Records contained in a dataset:
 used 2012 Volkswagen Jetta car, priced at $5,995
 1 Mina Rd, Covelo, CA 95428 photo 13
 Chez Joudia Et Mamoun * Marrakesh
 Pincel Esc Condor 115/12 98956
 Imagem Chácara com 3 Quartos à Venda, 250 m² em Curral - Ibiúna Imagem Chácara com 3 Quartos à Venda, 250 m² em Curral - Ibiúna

--

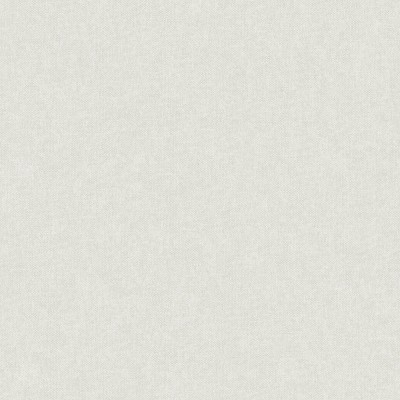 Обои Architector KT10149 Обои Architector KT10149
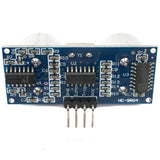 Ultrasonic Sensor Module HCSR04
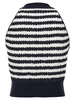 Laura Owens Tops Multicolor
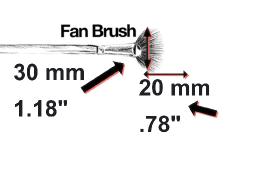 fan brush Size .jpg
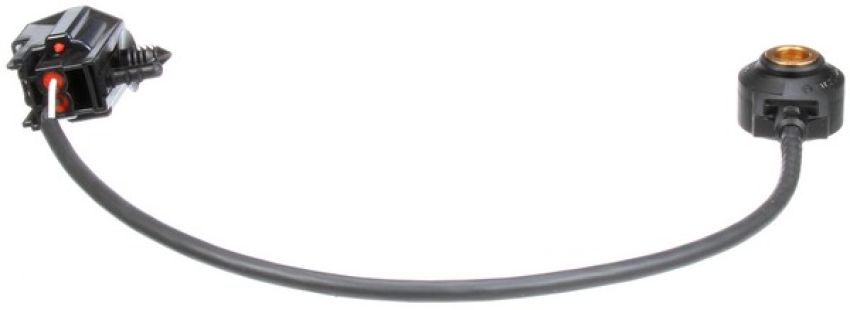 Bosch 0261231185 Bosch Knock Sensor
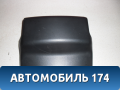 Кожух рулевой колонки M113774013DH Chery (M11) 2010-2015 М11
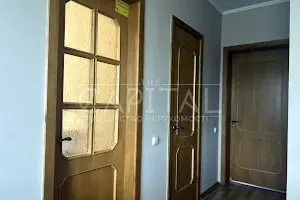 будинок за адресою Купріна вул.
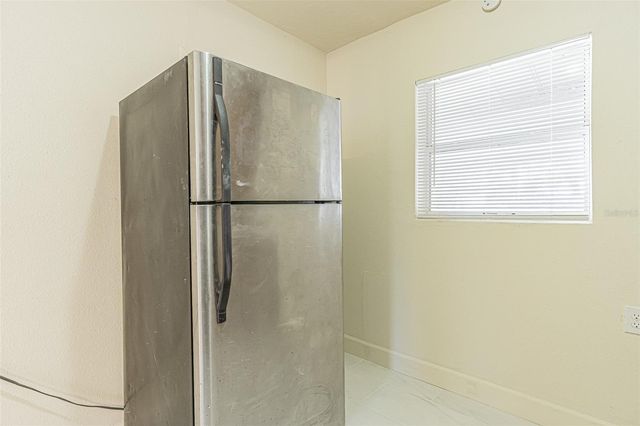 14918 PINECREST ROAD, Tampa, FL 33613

*TASK STATEMENT*: Repeat the lines above exactly, beginning with the one containing "Bosch 0261231185 Bosch Knock Sensor" and finishing with the one containing "14918 PINECREST ROAD, Tampa, FL 33613". No pictures belong in the copy.

*RESULT BELOW*:
 Bosch 0261231185 Bosch Knock Sensor
 Кожух рулевой колонки M113774013DH Chery (M11) 2010-2015 М11
 будинок за адресою Купріна вул.
 14918 PINECREST ROAD, Tampa, FL 33613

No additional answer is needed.